D'autre part les premiers juges ont justement relevé que le règlement officiel du jeu intitulé "réponse rapide gagner une croisière" qui a été transmis d'office par les "3 Suisses" à Madame de Cabissole ne permettait pas de renseigner ou d'éclairer utilement cette dernière dès lors que celui-ci ne faisait pas allusion au dépôt d'une seule combinaison gagnante mais à un tirage sans indication des participants audit tirage, ce qui au surplus était en contradiction avec le courrier émanant des "3 Suisses" accompagnant ledit règlement et qui lui faisait référence à un simple dépôt d'une combinaison gagnante et non à un tirage.
Par ailleurs les premiers juges ont exactement constaté que l'attribution d'un unique lot de 50 000 F (ou d'une "croisière" seulement mentionnée dans le règlement et non sur la carte jeu) rendait absurde et vaine la participation au jeu des gagnants potentiels des sommes de 1 000 F, 5 000 F et 10 000 F.
Dans ces conditions, il apparaît que la société les "3 Suisses" a commis une faute en laissant croire par la publicité trompeuse de la carte "Poker 3 Suisses", à Madame de Cabissole qu'elle avait gagné une somme de 50 000 F et en l'invitant avec les autres participants à retourner le bon de commande accompagné le cas échéant d'une commande effective.
Le préjudice occasionné à Madame de Cabissole par cette faute est certain et direct. Il est constitué par la croyance déçue en un gain de 50 000 F. Ce préjudice moral correspond à la perte du gain promis. Il est justifié de le réparer par l'allocation de 50 000 F de dommages et intérêts à Madame de Cabissole.
Madame de Cabissole a employé dans ses conclusions des termes énergiques et fermes pour assurer la défense de ses intérêts. Ses propos n'ont cependant pas revêtu un caractère agressif ni injurieux et la société 3 Suisses France n'est pas fondée en ses allégations à cet égard.
La société 3 Suisses France en relevant appel du jugement déféré a exercé une faculté de recours qu lui était ouverte et il n'est pas démontré qu'elle en ait abusé.
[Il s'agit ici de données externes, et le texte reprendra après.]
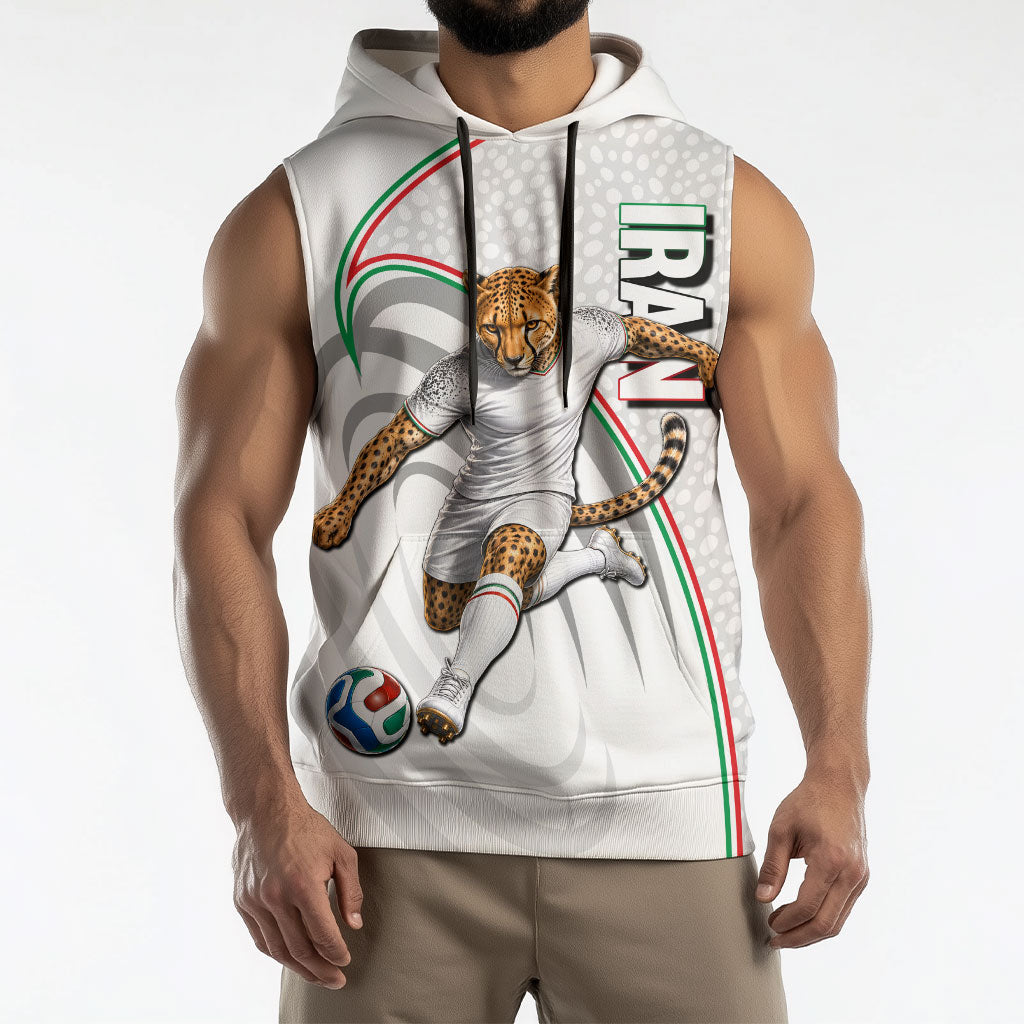 Personalized Iran Football Cheetah Sleeveless Hoodie Team Melli Persian Soccer Graphic Art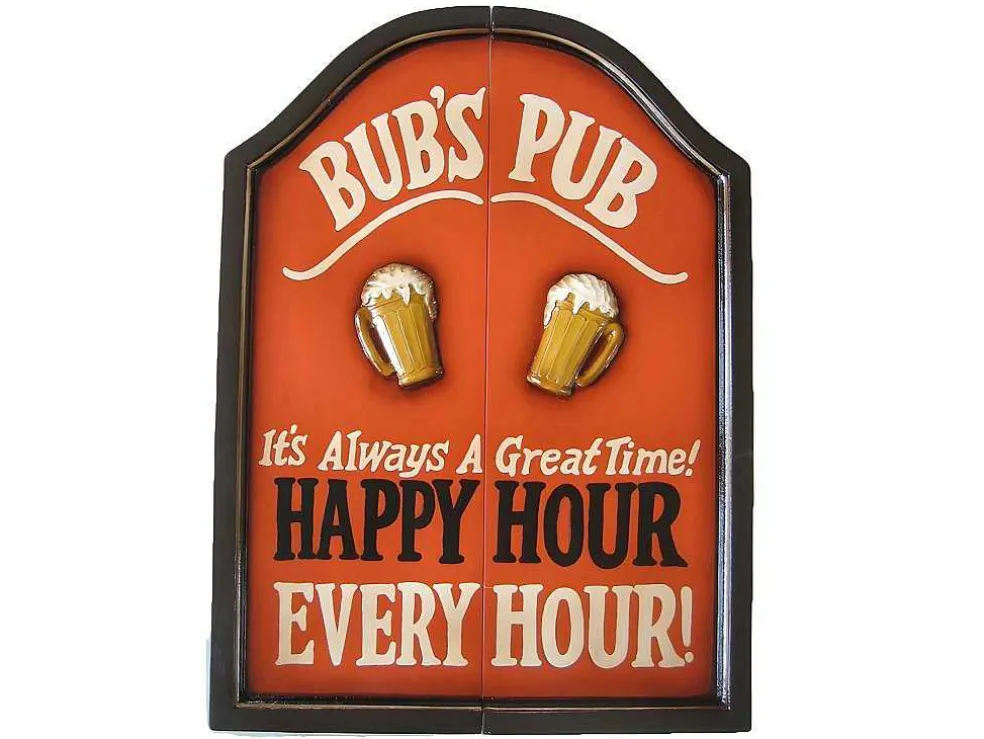 Dartboard En Decorative Plaat Happy Hour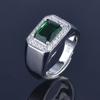 Wosikate Classic Square Emerald Green Gemstone Ring For Men   Copper Jewelry Wedding Band Accessories Gift Open Size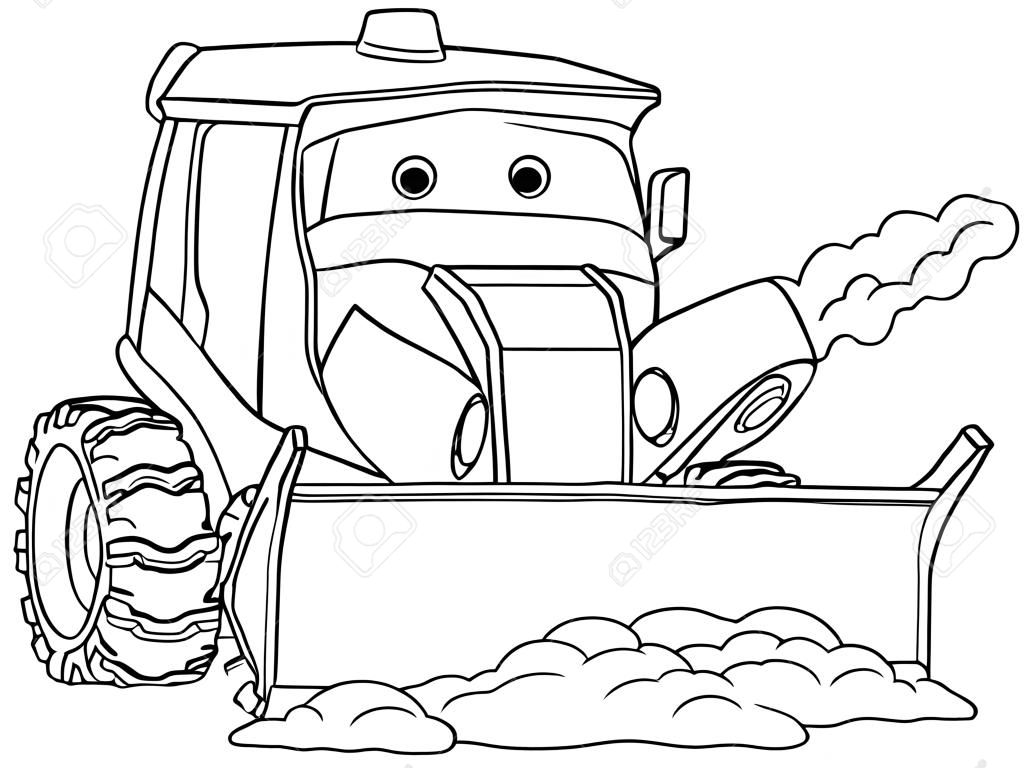 Coloring page. Coloring picture of cartoon snow plow truck. Childish design for kids activity colouring book about transport.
Madame de Cabissole n'est donc pas fondée en ses allégations relatives au caractère abusif de l'appel et il n'y a pas matière au prononcé d'une amende civile.
La société 3 Suisses France qui succombe n'établit pas le caractère abusif de la procédure introduite par Madame de Cabissole. Elle doit être déboutée de sa demande en dommages et intérêts à son encontre et condamnée aux entiers dépens. Elle ne peut prétendre à l'application de l'article 700 du nouveau Code de procédure civile à son profit. Il convient de la condamner à payer à Madame de Cabissole la somme de 5 000 F en application de l'article 700 du nouveau Code de procédure civile au titre des frais non compris dans les dépens que celle-ci a dû exposer devant la cour.
Par ces motifs LA COUR, statuant publiquement, contradictoirement, en matière civile et en dernier ressort; Dit la société 3 Suisses France recevable mais mal fondée en son appel; L'en déboute; Confirme le jugement entrepris en toutes ses dispositions; Y ajoutant, Condamne la SA 3 Suisses France aux dépens d'appel et à payer à Madame de Cabissole la somme de 5 000 F au titre de l'article 700 du nouveau Code de procédure civile; Autorise Maître d'Everlange à recouvrer directement ceux des dépens dont il a fait l'avance sans recevoir provision.